Cost per token. Current published prices per million tokens, as of this writing:
| Model | Input | Output |
|---|---|---|
| Claude Opus 4.8 | $5.00 | $25.00 |
| Claude Sonnet 5 | $3.00 | $15.00 |
| Claude Haiku 4.5 | $1.00 | $5.00 |
| Gemini 2.5 Pro | $1.25 | $10.00 |
| Gemini 2.5 Flash | $0.30 | $2.50 |
| Open model on your hardware | $0 marginal | $0 marginal |
The honest framing: per-token prices are small, and for low-volume design work the frontier bill is trivial. Our entire test campaign would have cost a few dollars. Local is not free either: you pay in hardware, electricity, and operations attention. The economics flip at high volume, thousands of runs a day, or at per-seat scale, where zero marginal cost compounds. And they flip hardest when a model runs on every request instead of once at design time, which is the trap we worked through in the real cost of AI at runtime.
Latency and operations. The frontier API wins on burst throughput and needs no capacity planning. A local model on modest hardware served our tasks in four to eight seconds each, more than adequate for design-time work, but someone has to own the server. Local inference has become dramatically easier, an afternoon rather than a quarter, but it is not zero.
Licensing. If you go local, prefer permissively licensed weights, Apache 2.0 among others. When procurement asks whether you can use this commercially, on-premise, with no strings, that is the clean answer.
The conclusion: determinism gets you both worlds
Here is the pattern that dissolved the either-or for us. Most enterprise data work does not need a model at runtime. It needs a model once, at design time, to write the transformation, the report generator, the pipeline. After that, the correct move is to freeze the verified code and run it deterministically forever: same input, same output, no model in the path, no per-run token cost, nothing to drift or hallucinate on run ten thousand.
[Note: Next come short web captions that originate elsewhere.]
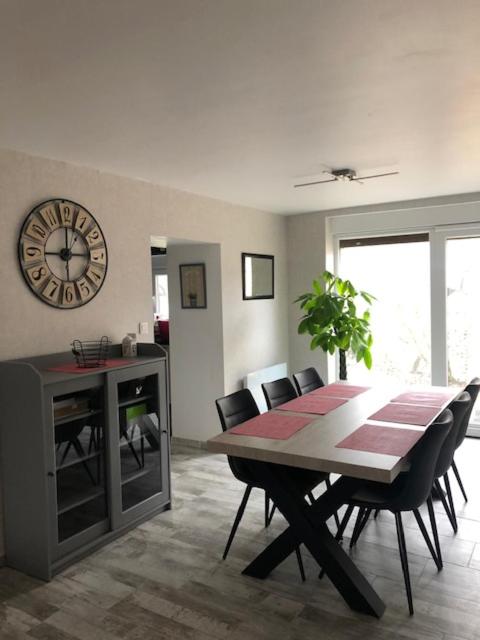 une salle à manger avec une table, des chaises et une horloge dans l'établissement Les Aubennes, à Fromelennes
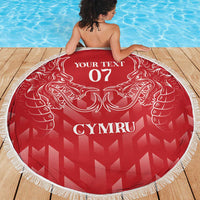 Red round beach blanket with white fringe, dragon crest, CYMRU and '07' centered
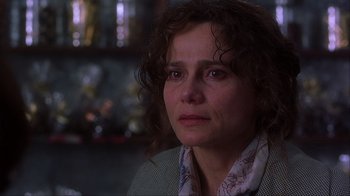 Movie still from “Chocolat” (2000), directed by Lasse Hallström – A person with curly hair; Close Up shot, Over the shoulder angle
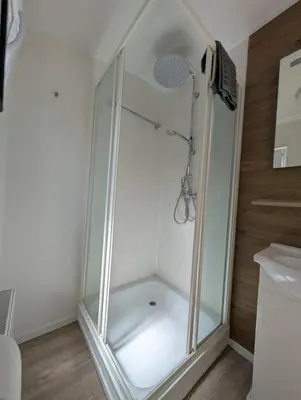 a shower with a glass enclosure in a bathroom at Holiday House 4 guests at Spaarnwoude in Velsen-Zuid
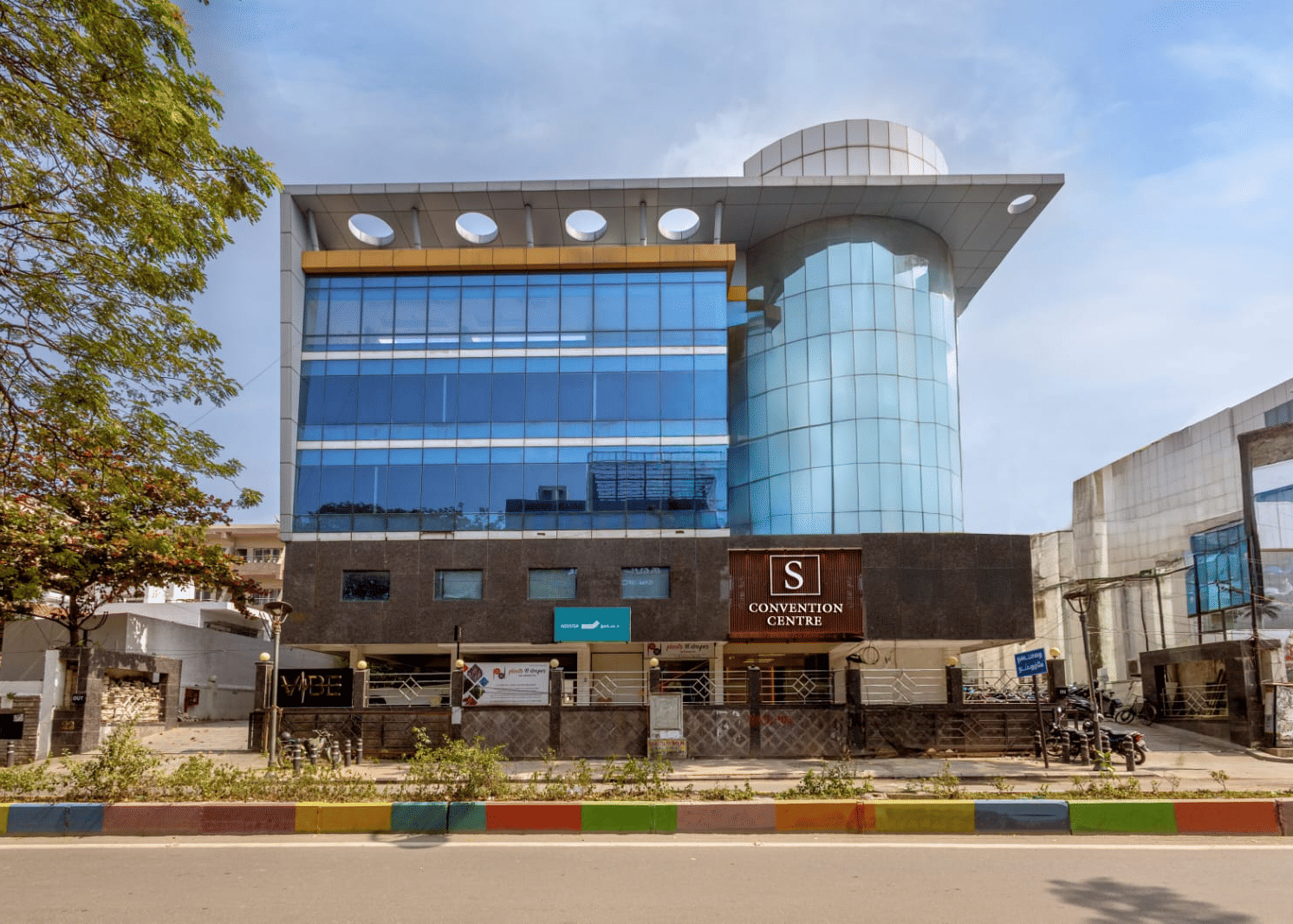 The modern glass exterior of the S Convention Centre of S Hotels, Chennai, showcasing its multi-story architecture and prominent signage.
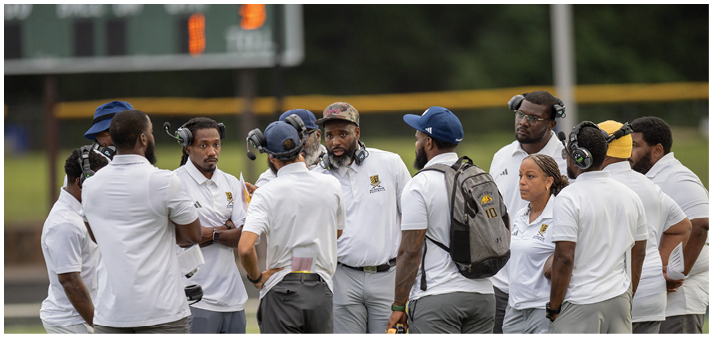 A group of people wearing white shirts and headsets are gathered in a circle on a sports field, engaged in discussion. Description generated by AI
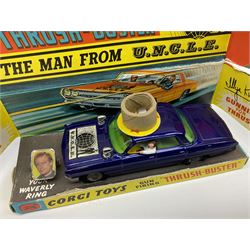 Corgi Toys - 'The Man from UNCLE' Thrushbuster No.497, in blue with cast hubs, plastic lights, complete with plastic figures, inner pictorial stand with circular cardboard packing piece, yellow card protective packing disc and '3-D Waverley Ring'; boxed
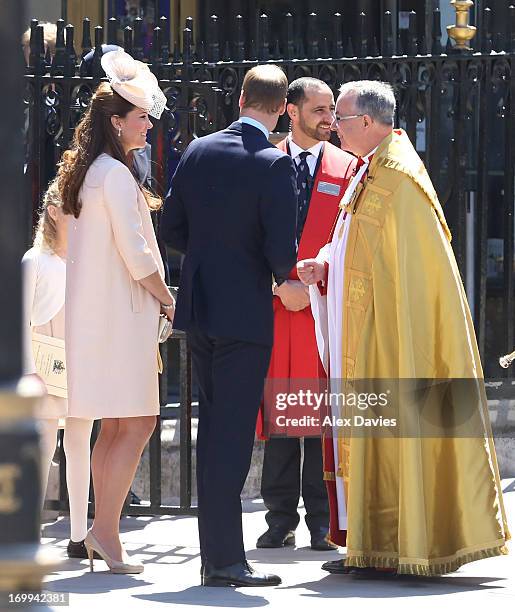 Catherine, Duchess of Cambridge and Prince William, Duke of Cambridge chat to The Very Reverend Dr John Hall while attending a service of celebration...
That is the same argument we made for reporting in are BI tools dead, and it applies to every task in our test suite.
Once you adopt that architecture, frontier versus local stops being an identity and becomes a per-task routing decision:
- Frontier model at design time when the problem is hard or novel, when you want that diagnostic reasoning, and when the task description and sample data are shareable. You pay cents, once.
- Local model at design time when the data cannot leave the building. Our results say that with history-preserving retries and prescriptive prompts, it handles the common cases to the same verified standard.
- Neither at runtime. The frozen code runs on your infrastructure either way.
The verification harness is what makes this safe, and it is model-agnostic by construction. Ours caught the same bugs whether the code came from a 2024 open model, a 2026 open model, or a frontier API. That is also your insurance policy against a fast-moving market: when a better model ships next quarter, you swap the engine and keep the guardrails, the workflows, and the audit trail. This is how Build Studio is built, and it is why the model dropdown is a configuration detail there rather than a commitment.
Bottom line
Do not pick a side. Pick a verification-first architecture, route each task to the cheapest model that passes verification under your data constraints, and freeze what passes. The models will keep changing. That decision framework will not.
If you want to see the pattern on your own data, build your first workflow against a task you already know the right answer to. That last part is the whole trick: always test AI against work you can check.
Methodology notes: five tasks with independently computed ground truth; generated code executed and graded automatically; local models run quantized on a desktop-class machine; retry loops capped at eight rounds; "pass" means exact agreement with precomputed answers. Pricing as published by Anthropic and Google at the time of writing; check the current pages before budgeting.